** WHAT THE TASK REQUIRES **
Reproduce the records below exactly; no pictures.

** RECORDED DATA **

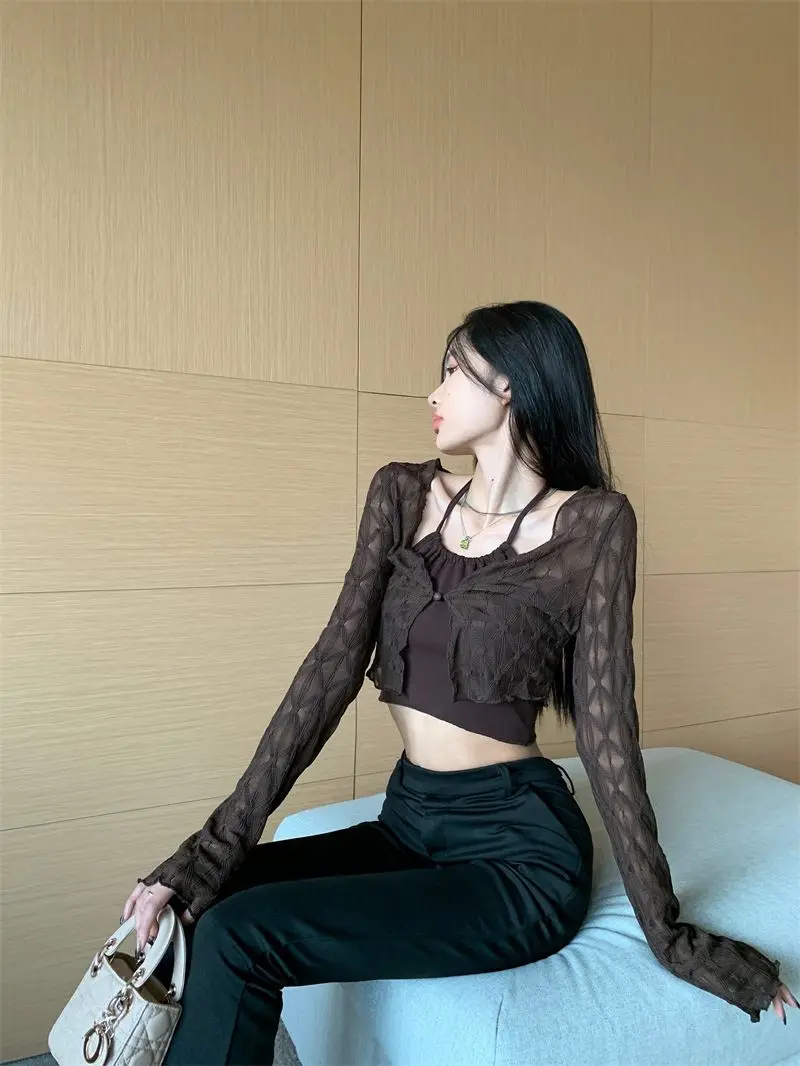 Summer Thin Sun-proof Cardigans Women Crochet Midriff-baring Tops Short Leisure All-match Y2k Korean Style Daily Slim Fashion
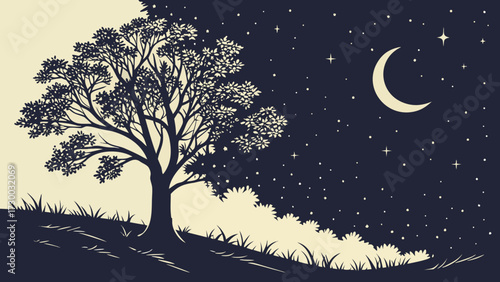 night landscape with moon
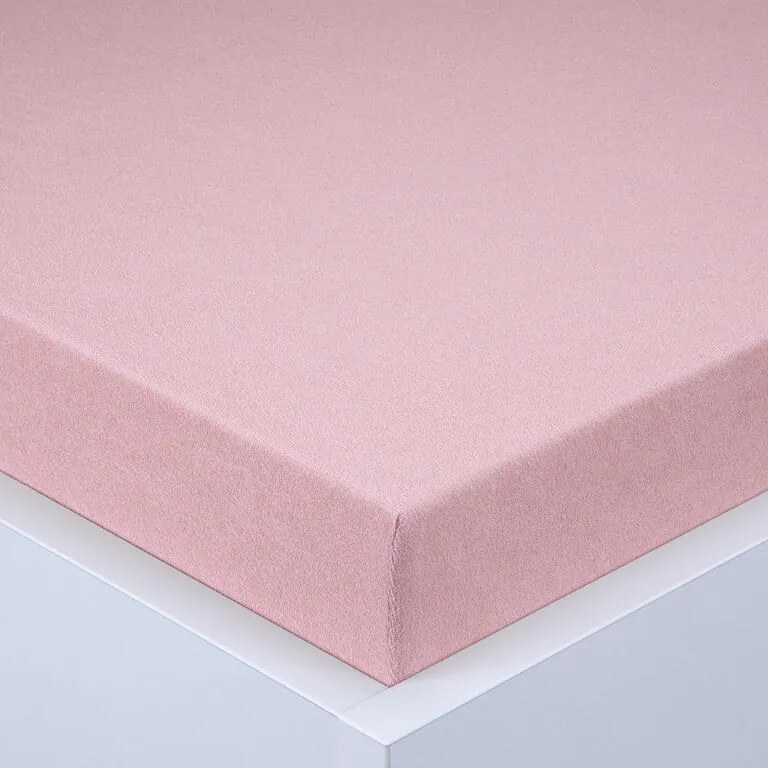 Cearşaf cu elastic frotir EXCLUSIVE roz prăfuit set 2 buc 90 x 200 cm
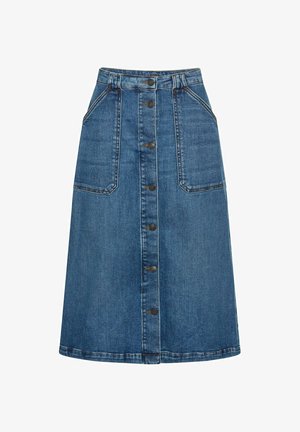 Spódnica jeansowa w fasonie A z guzikiem z przodu, dwoma głębokimi kieszeniami z przodu oraz kontrastowym przeszyciem. W średnim niebieskim odcieniu z czystym wykończeniem dołu.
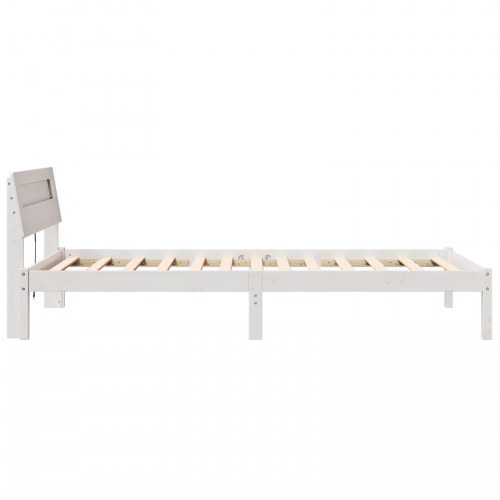 Sengestel med hovedgærde 90 x 200 cm i massiv fyrretræ - hvid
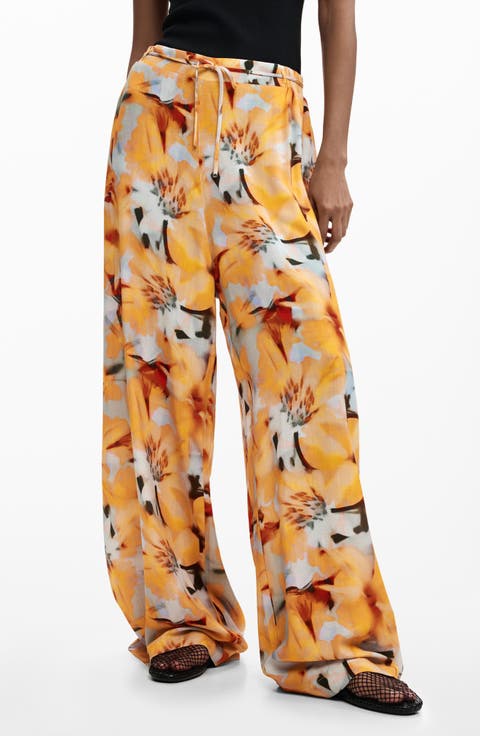 Tie Waist Print Wide Leg Pants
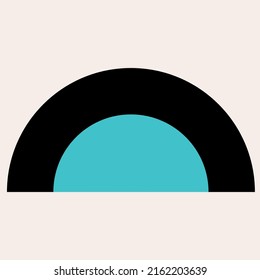 Abstract Shape Form Graphic Geometric Boho Poster Template. Simple Graphic Blue and Black Monochrome Element Icon Template
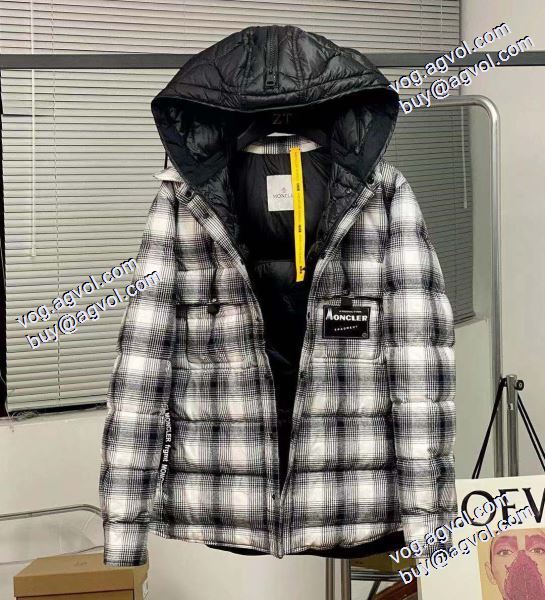 2020秋冬 Moncler x藤原浩連名毛の格子の稲妻の標識のシャツのダウンジャケット 耐久性のある MONCLERコピー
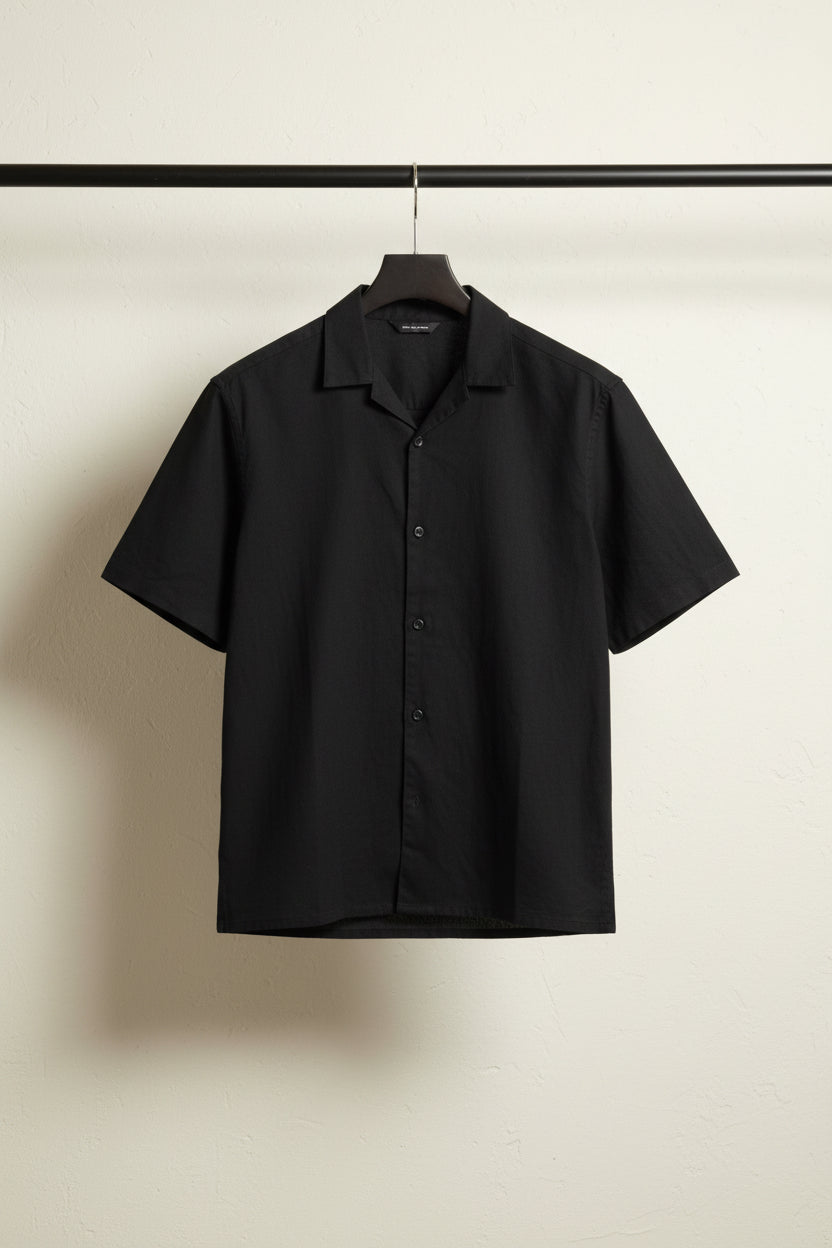 Black Short Sleeve Collared Casual Shirt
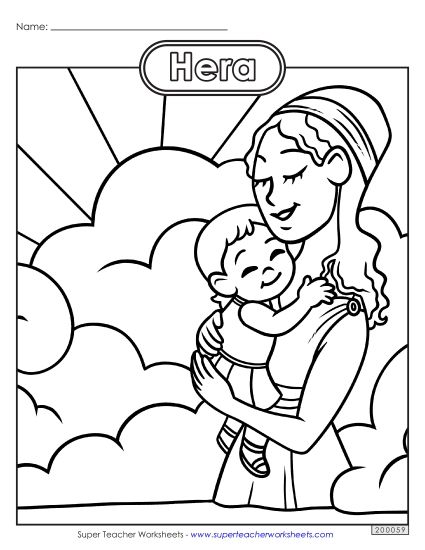 Coloring Pages - Coloring Page: Hera (Printable PDF Worksheet)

** SOLVED EXERCISE **
 Summer Thin Sun-proof Cardigans Women Crochet Midriff-baring Tops Short Leisure All-match Y2k Korean Style Daily Slim Fashion
 night landscape with moon
 Cearşaf cu elastic frotir EXCLUSIVE roz prăfuit set 2 buc 90 x 200 cm
 Spódnica jeansowa w fasonie A z guzikiem z przodu, dwoma głębokimi kieszeniami z przodu oraz kontrastowym przeszyciem. W średnim niebieskim odcieniu z czystym wykończeniem dołu.
 Sengestel med hovedgærde 90 x 200 cm i massiv fyrretræ - hvid
 Tie Waist Print Wide Leg Pants
 Abstract Shape Form Graphic Geometric Boho Poster Template. Simple Graphic Blue and Black Monochrome Element Icon Template
 2020秋冬 Moncler x藤原浩連名毛の格子の稲妻の標識のシャツのダウンジャケット 耐久性のある MONCLERコピー
 Black Short Sleeve Collared Casual Shirt
 Coloring Pages - Coloring Page: Hera (Printable PDF Worksheet)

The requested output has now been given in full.